II. The circuit court sua sponte vacated Troon’s plea.
¶23 As noted, a circuit court’s sua sponte vacatur of a defendant’s validly entered and accepted plea is permitted under Comstock only if, as pertinent here, a party intentionally withholds from the court material information which would have induced the court not to accept the plea. Therefore, we first examine whether the court sua sponte vacated Troon’s first plea. For the reasons that follow, we conclude that the court did act sua sponte in vacating Troon’s first plea.
¶24 To begin, a circuit court acts sua sponte when it acts “‘on its own motion,’” rather than “in response to a request by the parties.” Wisconsin Voter All. v. Reynolds, 2023 WI App 66, ¶15 n.4, 410 Wis. 2d 335, 1 N.W.3d 748 (citation omitted).

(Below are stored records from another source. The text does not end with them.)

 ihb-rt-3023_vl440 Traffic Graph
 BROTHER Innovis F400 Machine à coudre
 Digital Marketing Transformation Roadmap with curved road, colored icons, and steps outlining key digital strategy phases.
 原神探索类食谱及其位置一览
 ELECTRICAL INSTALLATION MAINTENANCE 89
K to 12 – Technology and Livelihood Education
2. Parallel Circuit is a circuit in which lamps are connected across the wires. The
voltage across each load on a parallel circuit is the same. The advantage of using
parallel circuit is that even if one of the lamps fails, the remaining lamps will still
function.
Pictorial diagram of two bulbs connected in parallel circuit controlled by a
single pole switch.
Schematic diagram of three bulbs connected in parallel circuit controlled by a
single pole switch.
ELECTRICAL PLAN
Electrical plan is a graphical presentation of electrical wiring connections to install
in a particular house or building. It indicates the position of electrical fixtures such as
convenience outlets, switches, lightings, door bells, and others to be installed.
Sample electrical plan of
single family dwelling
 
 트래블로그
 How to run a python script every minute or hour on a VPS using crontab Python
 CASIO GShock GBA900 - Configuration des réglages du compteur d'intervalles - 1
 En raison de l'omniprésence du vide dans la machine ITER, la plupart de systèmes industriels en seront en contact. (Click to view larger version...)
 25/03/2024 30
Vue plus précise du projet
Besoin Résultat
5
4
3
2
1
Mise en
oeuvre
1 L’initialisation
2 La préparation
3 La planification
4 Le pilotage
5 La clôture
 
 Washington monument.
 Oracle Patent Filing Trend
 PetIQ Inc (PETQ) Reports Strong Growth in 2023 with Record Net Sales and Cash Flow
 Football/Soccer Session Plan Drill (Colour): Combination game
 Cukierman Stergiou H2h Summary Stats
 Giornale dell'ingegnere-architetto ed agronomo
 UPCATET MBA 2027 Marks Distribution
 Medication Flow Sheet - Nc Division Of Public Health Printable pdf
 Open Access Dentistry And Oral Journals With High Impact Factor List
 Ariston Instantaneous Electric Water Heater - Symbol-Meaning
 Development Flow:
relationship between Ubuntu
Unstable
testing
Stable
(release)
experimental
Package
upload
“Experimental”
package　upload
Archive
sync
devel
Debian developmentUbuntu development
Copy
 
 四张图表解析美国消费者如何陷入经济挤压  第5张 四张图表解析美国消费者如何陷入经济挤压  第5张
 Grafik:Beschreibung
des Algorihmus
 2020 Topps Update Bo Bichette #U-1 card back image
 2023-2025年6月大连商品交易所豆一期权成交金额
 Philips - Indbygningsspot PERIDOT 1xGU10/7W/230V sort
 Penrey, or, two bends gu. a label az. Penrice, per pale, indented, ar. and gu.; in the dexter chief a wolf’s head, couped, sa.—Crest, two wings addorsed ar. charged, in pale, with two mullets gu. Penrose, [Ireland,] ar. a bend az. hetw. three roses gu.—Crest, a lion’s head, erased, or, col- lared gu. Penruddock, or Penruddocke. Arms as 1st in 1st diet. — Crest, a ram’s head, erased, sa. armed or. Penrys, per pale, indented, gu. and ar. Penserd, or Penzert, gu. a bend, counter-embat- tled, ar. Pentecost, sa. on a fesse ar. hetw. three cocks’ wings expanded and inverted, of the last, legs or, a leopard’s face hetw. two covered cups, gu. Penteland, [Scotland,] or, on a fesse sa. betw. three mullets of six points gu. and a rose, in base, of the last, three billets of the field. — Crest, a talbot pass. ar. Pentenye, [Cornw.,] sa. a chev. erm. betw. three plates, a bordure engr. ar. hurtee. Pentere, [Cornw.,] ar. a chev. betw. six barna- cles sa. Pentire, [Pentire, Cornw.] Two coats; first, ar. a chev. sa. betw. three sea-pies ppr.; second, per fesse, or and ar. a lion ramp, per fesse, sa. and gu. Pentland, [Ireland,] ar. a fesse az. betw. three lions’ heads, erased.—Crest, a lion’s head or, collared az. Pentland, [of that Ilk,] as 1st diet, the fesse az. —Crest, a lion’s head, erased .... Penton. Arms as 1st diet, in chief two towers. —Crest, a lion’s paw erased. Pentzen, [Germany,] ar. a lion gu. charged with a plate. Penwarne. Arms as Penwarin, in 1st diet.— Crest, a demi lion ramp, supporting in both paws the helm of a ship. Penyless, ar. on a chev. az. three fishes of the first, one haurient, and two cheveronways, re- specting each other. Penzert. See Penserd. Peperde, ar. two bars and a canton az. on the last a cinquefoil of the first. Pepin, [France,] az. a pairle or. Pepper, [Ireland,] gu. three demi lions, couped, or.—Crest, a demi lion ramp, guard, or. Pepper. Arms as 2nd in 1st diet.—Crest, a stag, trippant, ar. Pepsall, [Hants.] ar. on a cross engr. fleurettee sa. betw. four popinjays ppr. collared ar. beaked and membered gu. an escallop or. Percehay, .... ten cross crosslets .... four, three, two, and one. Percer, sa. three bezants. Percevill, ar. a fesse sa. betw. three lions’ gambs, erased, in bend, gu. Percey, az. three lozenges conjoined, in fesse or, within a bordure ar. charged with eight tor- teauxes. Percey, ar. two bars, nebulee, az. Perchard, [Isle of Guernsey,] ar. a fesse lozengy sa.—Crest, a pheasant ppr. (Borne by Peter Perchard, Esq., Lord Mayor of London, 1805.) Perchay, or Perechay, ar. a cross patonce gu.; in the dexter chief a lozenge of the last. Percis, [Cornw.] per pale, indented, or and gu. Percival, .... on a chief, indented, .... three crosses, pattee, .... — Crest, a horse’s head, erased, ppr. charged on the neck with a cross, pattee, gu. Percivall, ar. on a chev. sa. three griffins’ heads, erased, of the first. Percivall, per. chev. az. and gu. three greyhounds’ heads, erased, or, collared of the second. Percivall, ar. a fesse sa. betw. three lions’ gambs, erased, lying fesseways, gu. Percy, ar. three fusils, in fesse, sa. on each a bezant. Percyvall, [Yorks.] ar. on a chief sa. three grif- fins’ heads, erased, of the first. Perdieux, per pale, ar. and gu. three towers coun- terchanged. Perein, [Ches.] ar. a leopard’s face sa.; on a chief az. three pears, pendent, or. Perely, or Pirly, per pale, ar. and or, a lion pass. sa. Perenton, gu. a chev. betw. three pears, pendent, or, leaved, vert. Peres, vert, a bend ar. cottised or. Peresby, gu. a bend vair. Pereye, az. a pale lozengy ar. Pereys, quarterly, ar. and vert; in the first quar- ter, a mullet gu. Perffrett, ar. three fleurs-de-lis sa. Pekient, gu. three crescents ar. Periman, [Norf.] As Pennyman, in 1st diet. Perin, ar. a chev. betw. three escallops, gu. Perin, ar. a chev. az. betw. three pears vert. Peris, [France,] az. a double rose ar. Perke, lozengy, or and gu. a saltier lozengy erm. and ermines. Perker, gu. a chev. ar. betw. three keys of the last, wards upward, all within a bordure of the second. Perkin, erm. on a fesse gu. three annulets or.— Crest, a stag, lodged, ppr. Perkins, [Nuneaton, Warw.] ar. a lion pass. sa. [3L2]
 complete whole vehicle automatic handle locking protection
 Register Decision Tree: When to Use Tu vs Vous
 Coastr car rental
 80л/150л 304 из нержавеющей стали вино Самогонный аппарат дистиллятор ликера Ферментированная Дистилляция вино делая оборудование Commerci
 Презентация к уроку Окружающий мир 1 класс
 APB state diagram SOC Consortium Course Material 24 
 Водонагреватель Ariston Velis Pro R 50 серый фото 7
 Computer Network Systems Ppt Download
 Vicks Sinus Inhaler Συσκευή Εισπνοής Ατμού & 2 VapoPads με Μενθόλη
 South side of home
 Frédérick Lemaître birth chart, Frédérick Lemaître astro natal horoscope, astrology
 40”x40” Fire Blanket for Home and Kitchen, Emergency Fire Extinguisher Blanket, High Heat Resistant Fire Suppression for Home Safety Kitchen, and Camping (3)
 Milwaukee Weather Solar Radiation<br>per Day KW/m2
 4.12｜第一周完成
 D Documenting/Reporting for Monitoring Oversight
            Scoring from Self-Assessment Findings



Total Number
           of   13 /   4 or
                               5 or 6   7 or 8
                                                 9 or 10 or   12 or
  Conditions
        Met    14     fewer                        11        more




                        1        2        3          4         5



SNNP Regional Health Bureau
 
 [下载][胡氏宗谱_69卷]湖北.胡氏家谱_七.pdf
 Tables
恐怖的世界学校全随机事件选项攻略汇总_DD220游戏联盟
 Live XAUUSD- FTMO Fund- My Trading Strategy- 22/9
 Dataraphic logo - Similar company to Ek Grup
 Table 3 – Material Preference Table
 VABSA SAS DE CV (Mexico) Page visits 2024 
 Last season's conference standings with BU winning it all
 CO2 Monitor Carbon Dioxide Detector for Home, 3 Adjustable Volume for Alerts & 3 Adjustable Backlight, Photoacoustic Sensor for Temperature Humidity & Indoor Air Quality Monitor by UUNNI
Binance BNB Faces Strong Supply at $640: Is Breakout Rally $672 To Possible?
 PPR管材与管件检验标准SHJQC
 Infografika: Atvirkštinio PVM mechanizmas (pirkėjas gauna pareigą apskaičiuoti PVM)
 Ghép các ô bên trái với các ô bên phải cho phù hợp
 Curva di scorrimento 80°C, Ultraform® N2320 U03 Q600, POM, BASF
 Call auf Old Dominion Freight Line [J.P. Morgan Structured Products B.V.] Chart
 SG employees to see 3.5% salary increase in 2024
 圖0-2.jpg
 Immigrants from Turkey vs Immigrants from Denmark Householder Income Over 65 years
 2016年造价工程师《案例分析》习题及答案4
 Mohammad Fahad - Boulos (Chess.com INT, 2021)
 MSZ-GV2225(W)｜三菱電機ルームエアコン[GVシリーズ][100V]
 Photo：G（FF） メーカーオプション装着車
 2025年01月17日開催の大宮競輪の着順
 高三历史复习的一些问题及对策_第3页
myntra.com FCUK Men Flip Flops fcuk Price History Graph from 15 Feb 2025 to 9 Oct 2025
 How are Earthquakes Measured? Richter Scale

Here, a review of the record indicates that there was no request by the State, in its letter, by motion, or in its oral argument at either the May or July 2022 hearings, for the court to vacate Troon’s plea.
¶25 The April 2022 letter that the assigned prosecutor sent to the circuit
court following Troon’s plea and sentencing states, in pertinent part:
When I returned to the office today, I learned that [substitute prosecutor] appeared and [defense counsel] informed that we agreed to the sentence for this Operating While Intoxicated 5th offense to run concurrently to the Defendant’s previous sentence. We never discussed that. I never agreed to that. I cannot recall ever agreeing to an Operating While Intoxicated 5th offense to run concurrently with any sentence.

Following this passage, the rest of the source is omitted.